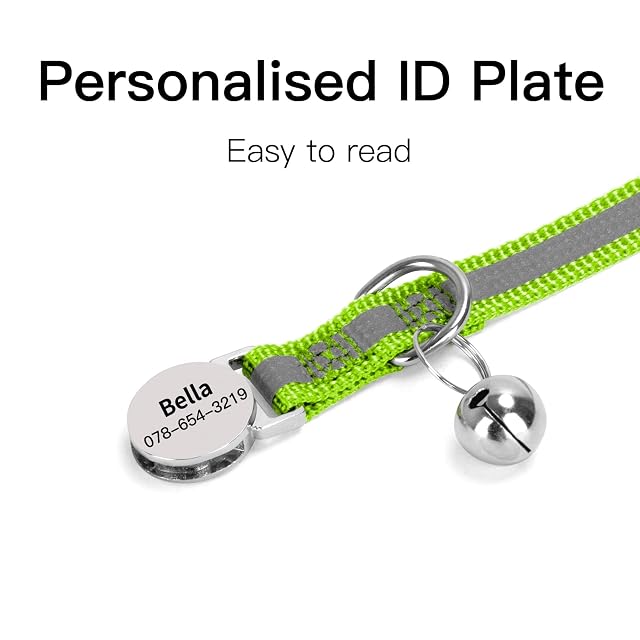 Foto 4 de 6 de Collar de gato reflectante personalizado con etiqueta de nombre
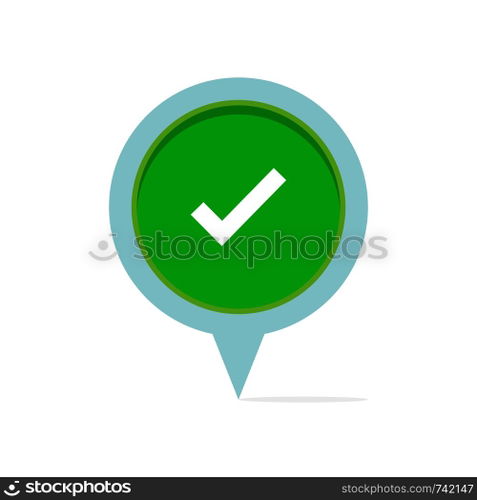 Check mark with map pointer on blank background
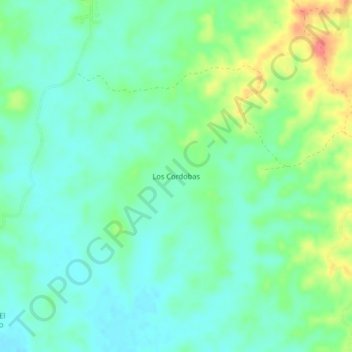 Los Cordobas topographic map, elevation, terrain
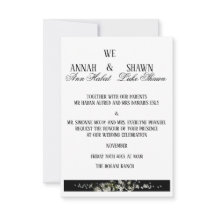 Modern Black and White Floral Wedding Invitation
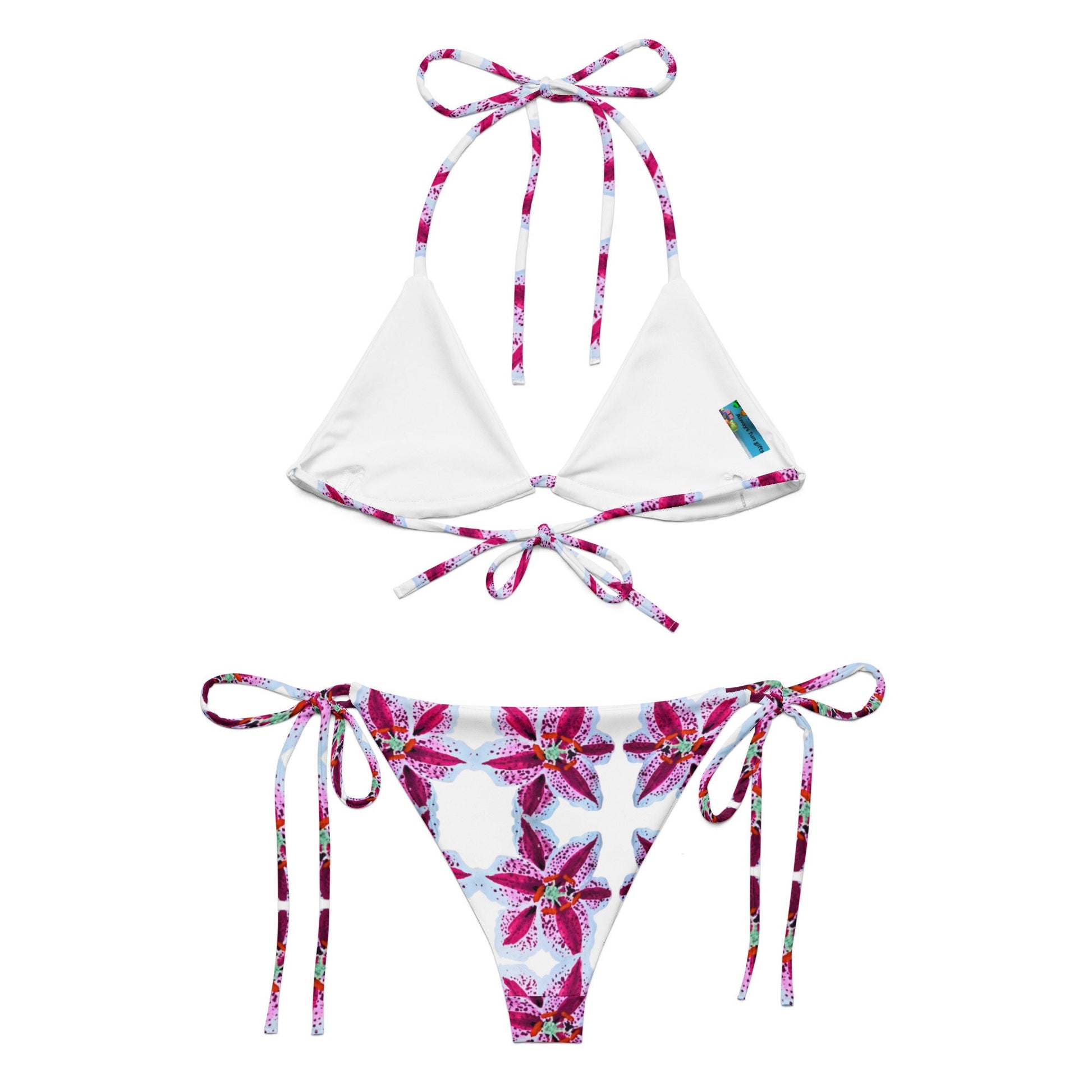 Tiger Lily Flower String Bikini, Two Piece Plus Size Swimsuit, Ladies Botanicl Beach Swimwear, Sexy Floral Bathing Suit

▬▬▬▬▬▬▬▬▬▬

ACTIVITY :: Skip the pictures and transcribe the rest of the records exactly.

RESULT OF THIS TASK ::
 Foto 4 de 6 de Collar de gato reflectante personalizado con etiqueta de nombre
 Check mark with map pointer on blank background
 Los Cordobas topographic map, elevation, terrain
 Modern Black and White Floral Wedding Invitation
 Tiger Lily Flower String Bikini, Two Piece Plus Size Swimsuit, Ladies Botanicl Beach Swimwear, Sexy Floral Bathing Suit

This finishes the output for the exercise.